▸ TASK DESCRIPTION:
Leave out the pictures and set down exactly the lines from the start of the listing through the one with "used 2021 Mercedes-Benz", both included.
■ ■ ■ ■ ■
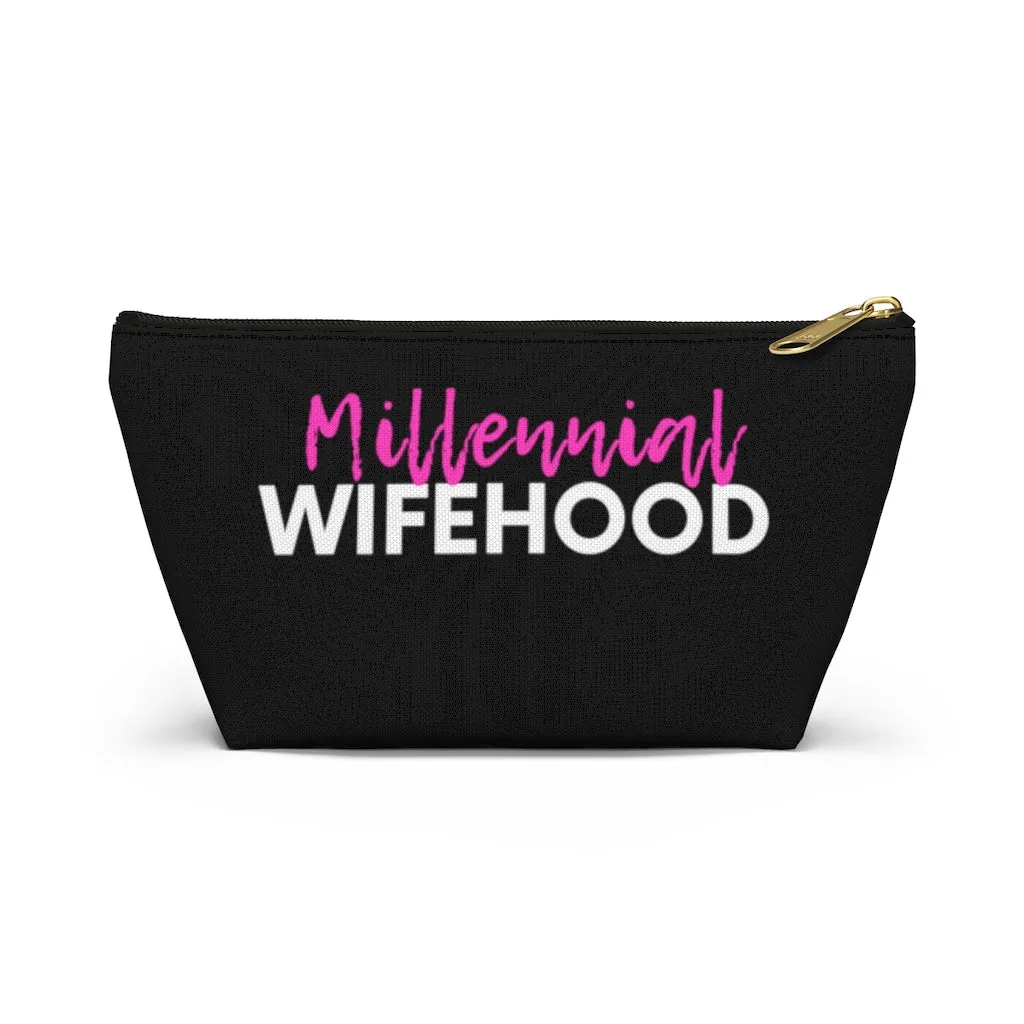 MW Signature Accessory Pouch w T-bottom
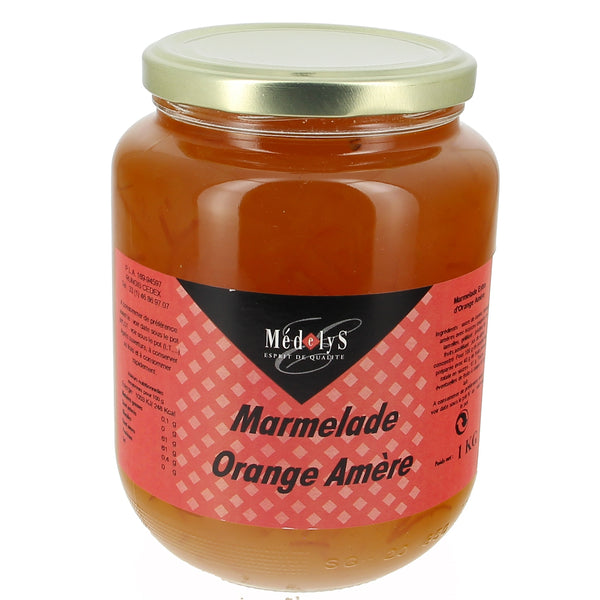 Marmelade d'oranges amères - 1kg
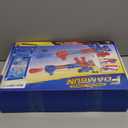 YEEBAY Shooting Game Toy for Age 6, 7, 8,9,10+ Years Old Kids, Boys - 2pk Air Guns & Shooting Target & 24 Foam Balls - Ideal Gift - Compatible with Toy Guns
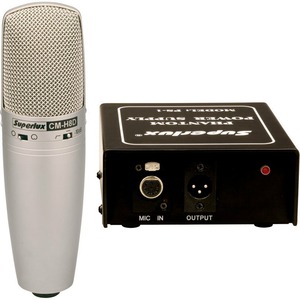 Микрофон ламповый конденсаторный SUPERLUX CMH8D
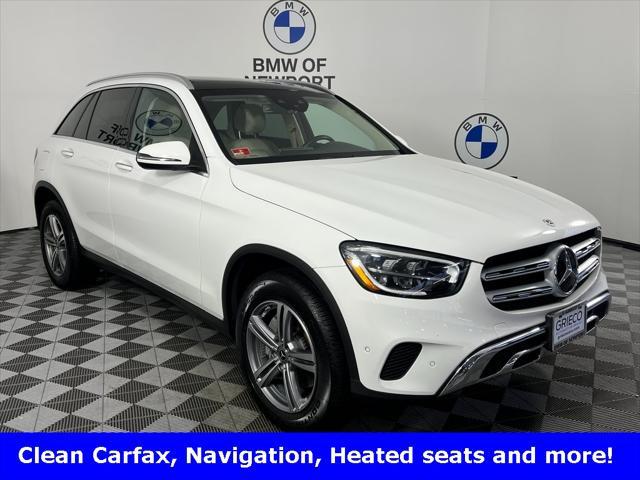 used 2021 Mercedes-Benz GLC 300 car, priced at $32,348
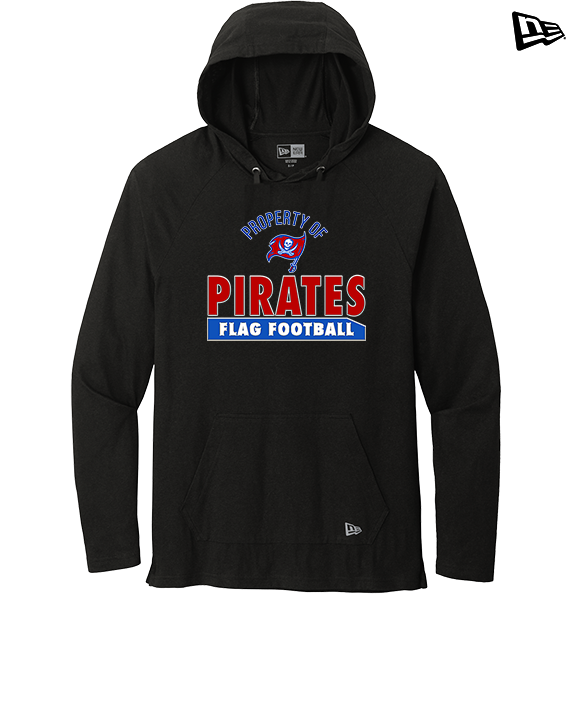 San Leandro HS Flag Football Property - New Era Tri-Blend Hoodie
■ ■ ■ ■ ■
▸ TASK RESULT:
 MW Signature Accessory Pouch w T-bottom
 Marmelade d'oranges amères - 1kg
 YEEBAY Shooting Game Toy for Age 6, 7, 8,9,10+ Years Old Kids, Boys - 2pk Air Guns & Shooting Target & 24 Foam Balls - Ideal Gift - Compatible with Toy Guns
 Микрофон ламповый конденсаторный SUPERLUX CMH8D
 used 2021 Mercedes-Benz GLC 300 car, priced at $32,348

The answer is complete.